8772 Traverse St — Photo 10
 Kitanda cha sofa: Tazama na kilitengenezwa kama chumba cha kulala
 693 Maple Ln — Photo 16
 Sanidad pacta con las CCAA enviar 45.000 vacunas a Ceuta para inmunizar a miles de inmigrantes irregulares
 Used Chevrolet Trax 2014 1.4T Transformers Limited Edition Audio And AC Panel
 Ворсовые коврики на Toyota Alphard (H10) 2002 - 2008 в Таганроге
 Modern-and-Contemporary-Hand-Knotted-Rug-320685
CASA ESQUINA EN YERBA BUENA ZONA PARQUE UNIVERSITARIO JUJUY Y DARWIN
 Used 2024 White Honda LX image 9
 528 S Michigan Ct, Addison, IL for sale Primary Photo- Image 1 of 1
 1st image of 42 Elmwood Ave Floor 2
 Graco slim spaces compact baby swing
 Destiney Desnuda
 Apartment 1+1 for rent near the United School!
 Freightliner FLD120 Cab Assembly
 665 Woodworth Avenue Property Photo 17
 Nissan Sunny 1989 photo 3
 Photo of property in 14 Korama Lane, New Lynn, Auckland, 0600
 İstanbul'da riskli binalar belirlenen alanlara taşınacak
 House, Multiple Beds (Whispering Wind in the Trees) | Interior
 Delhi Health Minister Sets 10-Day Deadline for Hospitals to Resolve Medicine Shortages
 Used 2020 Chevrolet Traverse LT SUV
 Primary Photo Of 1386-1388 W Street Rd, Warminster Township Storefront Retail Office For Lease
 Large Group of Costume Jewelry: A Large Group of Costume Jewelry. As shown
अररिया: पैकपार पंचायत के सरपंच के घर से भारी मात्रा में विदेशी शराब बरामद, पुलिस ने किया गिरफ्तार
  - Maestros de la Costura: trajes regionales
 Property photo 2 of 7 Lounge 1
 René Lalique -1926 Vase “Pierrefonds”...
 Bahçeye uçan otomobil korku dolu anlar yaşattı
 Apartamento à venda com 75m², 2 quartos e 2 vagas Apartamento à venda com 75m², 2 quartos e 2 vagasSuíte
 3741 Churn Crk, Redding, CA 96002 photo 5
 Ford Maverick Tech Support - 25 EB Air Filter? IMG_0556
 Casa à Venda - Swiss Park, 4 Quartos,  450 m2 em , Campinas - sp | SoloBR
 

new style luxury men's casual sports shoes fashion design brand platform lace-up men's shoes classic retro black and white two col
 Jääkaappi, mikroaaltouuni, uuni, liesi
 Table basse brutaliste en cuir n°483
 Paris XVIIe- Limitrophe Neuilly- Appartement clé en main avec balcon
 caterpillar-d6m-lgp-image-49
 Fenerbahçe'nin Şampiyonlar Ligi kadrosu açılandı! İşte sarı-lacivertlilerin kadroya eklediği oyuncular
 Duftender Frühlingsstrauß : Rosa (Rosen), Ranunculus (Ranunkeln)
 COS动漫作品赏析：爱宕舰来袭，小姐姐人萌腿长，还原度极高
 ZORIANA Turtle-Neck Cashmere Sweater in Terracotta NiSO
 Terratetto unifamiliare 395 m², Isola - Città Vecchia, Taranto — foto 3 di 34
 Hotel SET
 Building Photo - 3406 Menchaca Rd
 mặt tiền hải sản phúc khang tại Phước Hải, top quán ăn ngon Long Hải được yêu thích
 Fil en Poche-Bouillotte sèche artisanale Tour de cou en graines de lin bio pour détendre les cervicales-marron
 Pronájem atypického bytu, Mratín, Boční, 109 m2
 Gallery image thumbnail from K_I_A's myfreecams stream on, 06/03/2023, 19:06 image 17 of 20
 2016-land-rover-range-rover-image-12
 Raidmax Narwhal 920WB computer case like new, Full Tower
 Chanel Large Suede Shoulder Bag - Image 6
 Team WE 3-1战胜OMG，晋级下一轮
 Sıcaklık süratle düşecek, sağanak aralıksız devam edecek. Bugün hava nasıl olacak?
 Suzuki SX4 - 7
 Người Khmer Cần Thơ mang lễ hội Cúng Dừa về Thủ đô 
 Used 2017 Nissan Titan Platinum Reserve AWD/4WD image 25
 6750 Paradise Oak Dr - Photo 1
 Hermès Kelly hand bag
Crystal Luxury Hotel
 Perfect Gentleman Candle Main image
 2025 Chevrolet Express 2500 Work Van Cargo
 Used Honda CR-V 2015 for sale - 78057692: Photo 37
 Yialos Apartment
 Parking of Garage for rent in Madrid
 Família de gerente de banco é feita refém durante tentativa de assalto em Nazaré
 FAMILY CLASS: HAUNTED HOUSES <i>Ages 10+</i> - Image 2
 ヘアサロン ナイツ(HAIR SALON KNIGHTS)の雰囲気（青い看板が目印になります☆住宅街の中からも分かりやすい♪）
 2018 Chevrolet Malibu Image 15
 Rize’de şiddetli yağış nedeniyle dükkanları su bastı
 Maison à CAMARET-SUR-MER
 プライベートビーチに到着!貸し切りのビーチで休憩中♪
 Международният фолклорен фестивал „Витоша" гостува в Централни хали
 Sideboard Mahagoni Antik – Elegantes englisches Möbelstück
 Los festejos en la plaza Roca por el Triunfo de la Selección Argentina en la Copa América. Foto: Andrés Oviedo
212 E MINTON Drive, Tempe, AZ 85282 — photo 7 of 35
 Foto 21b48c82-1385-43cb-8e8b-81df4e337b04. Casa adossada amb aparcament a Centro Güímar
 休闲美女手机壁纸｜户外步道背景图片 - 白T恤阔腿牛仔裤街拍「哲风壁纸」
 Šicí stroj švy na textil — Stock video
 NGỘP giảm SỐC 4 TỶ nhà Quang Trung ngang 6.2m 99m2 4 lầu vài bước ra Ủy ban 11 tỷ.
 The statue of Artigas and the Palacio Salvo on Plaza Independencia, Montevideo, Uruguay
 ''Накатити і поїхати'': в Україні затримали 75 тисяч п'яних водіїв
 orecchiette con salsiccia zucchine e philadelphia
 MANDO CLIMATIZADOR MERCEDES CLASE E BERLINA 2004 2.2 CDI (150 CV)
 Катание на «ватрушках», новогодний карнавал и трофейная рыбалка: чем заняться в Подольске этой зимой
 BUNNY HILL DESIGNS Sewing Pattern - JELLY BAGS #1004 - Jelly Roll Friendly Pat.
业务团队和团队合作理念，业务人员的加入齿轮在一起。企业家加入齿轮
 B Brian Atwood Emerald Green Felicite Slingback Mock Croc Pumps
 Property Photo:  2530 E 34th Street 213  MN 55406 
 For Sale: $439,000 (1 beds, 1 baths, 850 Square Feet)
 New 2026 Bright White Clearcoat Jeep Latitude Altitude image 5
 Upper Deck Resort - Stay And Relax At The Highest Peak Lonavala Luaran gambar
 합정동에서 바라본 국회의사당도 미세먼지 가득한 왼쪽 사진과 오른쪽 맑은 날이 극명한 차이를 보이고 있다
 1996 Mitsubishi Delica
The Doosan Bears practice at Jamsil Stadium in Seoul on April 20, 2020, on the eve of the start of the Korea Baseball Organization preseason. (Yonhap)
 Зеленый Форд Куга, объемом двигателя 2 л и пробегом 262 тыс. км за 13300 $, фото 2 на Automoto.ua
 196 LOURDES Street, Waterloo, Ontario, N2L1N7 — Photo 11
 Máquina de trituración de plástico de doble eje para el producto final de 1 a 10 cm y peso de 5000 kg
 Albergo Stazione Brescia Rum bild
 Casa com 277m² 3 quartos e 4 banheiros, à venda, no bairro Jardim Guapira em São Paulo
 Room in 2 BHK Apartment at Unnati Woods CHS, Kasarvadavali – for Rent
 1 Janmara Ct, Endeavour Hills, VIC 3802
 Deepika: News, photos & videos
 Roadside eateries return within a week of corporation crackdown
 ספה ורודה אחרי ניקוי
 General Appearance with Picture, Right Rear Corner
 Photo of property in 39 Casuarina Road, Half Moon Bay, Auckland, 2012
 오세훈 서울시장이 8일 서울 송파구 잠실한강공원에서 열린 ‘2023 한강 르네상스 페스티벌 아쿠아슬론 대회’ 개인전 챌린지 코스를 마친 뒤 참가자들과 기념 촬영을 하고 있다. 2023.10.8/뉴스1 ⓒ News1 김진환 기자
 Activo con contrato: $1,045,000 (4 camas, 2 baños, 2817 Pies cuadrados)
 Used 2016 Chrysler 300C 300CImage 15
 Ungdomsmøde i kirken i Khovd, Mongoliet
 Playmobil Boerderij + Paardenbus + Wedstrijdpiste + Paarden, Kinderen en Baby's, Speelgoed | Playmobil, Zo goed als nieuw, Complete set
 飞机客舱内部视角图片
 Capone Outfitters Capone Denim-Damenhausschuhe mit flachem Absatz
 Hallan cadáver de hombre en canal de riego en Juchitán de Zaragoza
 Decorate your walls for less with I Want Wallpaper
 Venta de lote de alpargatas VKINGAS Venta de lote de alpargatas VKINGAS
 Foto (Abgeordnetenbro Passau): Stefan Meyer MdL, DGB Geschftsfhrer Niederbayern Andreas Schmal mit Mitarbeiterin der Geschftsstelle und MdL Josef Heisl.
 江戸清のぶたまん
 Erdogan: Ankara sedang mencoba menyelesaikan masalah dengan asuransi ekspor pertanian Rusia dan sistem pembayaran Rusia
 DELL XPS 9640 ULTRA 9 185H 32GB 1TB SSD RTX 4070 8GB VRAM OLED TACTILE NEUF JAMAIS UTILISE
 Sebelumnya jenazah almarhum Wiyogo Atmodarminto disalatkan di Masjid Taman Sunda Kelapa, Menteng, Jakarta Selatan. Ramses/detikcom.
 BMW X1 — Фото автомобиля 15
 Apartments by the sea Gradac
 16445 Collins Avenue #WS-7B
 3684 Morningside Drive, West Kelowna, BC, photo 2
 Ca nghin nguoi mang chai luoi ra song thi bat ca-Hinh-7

### Directions
Wherever the string "Large" occurs in the records above, copy that line.

### Solution
 Large Group of Costume Jewelry: A Large Group of Costume Jewelry. As shown
 Chanel Large Suede Shoulder Bag - Image 6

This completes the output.